__Data excerpt__
***

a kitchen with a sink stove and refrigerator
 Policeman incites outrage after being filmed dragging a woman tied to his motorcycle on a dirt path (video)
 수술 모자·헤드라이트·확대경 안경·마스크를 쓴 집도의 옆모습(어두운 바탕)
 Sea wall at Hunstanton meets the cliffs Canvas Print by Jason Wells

***

__Your assignment__
With the line that contains "Policeman incites outrage" as your start, reproduce the data above exactly through its last line, and nothing before that start.

__Answer area__
 Policeman incites outrage after being filmed dragging a woman tied to his motorcycle on a dirt path (video)
 수술 모자·헤드라이트·확대경 안경·마스크를 쓴 집도의 옆모습(어두운 바탕)
 Sea wall at Hunstanton meets the cliffs Canvas Print by Jason Wells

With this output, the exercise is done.